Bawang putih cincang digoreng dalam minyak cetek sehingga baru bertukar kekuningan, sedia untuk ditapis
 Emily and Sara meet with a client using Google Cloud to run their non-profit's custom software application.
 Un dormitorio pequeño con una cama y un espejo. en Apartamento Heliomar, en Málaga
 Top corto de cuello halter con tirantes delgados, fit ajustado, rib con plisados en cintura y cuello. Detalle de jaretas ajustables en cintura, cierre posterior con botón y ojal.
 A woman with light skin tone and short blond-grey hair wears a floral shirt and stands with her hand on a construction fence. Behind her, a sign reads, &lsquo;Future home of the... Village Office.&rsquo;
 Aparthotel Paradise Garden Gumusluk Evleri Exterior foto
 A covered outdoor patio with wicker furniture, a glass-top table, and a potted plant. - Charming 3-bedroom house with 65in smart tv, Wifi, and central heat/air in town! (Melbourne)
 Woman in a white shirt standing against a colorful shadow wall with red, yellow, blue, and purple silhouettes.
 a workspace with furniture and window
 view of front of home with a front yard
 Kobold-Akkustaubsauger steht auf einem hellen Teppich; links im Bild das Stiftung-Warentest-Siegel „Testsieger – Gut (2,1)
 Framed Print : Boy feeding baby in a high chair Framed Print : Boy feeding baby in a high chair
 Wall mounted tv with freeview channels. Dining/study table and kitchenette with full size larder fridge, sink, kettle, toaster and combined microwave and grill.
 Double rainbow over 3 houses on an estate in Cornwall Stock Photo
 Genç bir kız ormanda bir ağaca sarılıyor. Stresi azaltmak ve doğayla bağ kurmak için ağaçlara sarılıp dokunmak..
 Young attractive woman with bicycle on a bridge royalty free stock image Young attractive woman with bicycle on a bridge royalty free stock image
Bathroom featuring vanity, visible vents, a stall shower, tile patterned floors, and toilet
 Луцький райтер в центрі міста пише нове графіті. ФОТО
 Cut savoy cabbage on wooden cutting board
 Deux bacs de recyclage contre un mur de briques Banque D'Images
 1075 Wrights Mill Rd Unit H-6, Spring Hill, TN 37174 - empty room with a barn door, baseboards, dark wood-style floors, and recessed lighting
****
- _Activity_:
Copy all lines from the data above that contain the word "floors".

- _Your response_:
Bathroom featuring vanity, visible vents, a stall shower, tile patterned floors, and toilet
 1075 Wrights Mill Rd Unit H-6, Spring Hill, TN 37174 - empty room with a barn door, baseboards, dark wood-style floors, and recessed lighting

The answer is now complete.